The Great Debate UK
- Steven Barnett is professor of communications at the University of Westminster, and a writer and commentator on broadcasting issues. He is finishing writing a book “Just Wires and Lights? The Rise and Fall of Television Journalism” that will published by Sage in 2010. The opinions expressed are his own. -
I was in the audience for Murdoch senior’s MacTaggart lecture 20 years ago, and was shocked –- as were many others –- by the ignorance and shallowness of his analysis. It wasn’t just the blatant self-interest of promoting his newly launched Sky channels; it was the sheer incomprehension of British television’s achievements in broadcast journalism compared to its manifest failure in the United States. Murdoch senior pretended it was the other way round, a strange distortion of the empirical evidence.

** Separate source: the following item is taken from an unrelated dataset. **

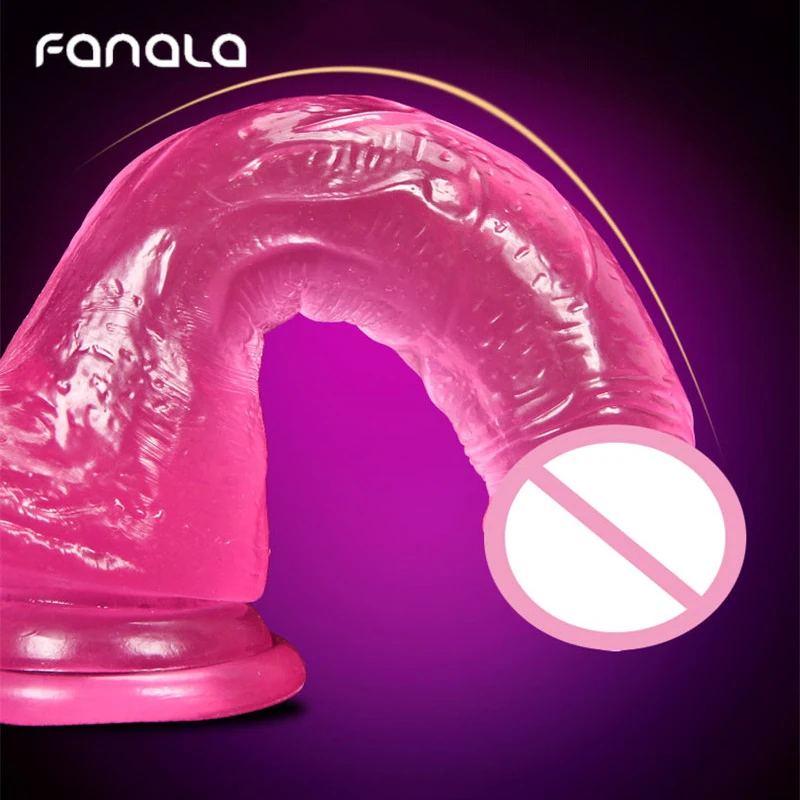 Милая Розовая прозрачная присоска огромный фаллоимитатор силиконовый для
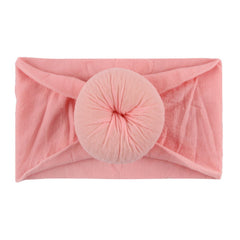 SYGA Pack Of 2 Baby Headbands Soft Cotton Strechable Turban Hairbands For Newborn Infant Toddlers Kids 0-3 Years (Pink-Grey)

Son James is clearly a chip off the old block. His MacTaggart lecture was adapted for modern times, but his analysis of what was “wrong” with British broadcasting –- and particularly broadcast journalism –- was as misguided and self-deluded as his father’s.
There was the usual stuff about free enterprise, free choice and freedom in general being undermined by “massive, state-funded intervention”, and the usual claptrap about the TV licence fee penalising the poor (in fact, it provides astonishingly good consumer value and is disproportionately valuable to the poorest who make most use of television).